Perhaps Rina Sawayama’s studies of politics, psychology and sociology in college encouraged her to make music that magnifies the marginalized person’s experience in the world, or maybe it was the fact that Sawayama has many identities herself. Regardless of the assumptions, the Japanese-born singer-songwriter has made these issues pertinent to many of her fans.
Story by Miles Eackles
Earlier this year, Sawayama released single “Cherry” from her upcoming untitled debut album.

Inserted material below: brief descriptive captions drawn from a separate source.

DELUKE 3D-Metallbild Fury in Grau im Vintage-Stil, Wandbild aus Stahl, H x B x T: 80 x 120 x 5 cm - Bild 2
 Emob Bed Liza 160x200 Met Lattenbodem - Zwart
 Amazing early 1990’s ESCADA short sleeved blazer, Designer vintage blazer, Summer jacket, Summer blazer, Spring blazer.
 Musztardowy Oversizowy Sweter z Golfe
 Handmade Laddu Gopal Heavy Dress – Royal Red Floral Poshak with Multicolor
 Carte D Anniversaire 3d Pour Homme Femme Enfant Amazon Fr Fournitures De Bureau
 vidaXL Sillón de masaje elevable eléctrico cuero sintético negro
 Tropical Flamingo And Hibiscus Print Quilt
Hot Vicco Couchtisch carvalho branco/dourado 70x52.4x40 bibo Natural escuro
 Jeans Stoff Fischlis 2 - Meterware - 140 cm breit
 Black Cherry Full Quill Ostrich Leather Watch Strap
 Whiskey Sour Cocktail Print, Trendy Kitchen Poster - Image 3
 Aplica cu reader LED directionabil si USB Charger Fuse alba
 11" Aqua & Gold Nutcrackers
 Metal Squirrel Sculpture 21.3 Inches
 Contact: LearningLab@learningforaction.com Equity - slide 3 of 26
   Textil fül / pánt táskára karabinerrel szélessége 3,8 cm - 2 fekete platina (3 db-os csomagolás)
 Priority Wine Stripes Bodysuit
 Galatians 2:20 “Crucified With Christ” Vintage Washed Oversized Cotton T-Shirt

Shedding light on bisexuality and pansexuality, Sawayama wanted to make sure the message in the song was accurate and representative of the bi/pan community. “I didn’t want to further stigmatize the bi or pan community, or queer people in general,” Sawayama said in an interview for Billboard. “But the messages I got from fans, and from people saying they came out because of me, it’s all very emotional.”
Bisexual and pansexual people often face invalidation from both the heterosexual and homosexual community for not “making up their mind” and being “greedy.” Often, many people are hesitant to date such people who inhabit this identity due to the anxiety of their partner cheating on them with someone of the opposite sex. According to a study in the Journal of Bisexuality, “gays and lesbians had nearly identical prejudice against bisexuals as heterosexuals.” In the upbeat track “Cherry,” the often ignored and stigmatized group in the LGBTQ community is given recognition and validated.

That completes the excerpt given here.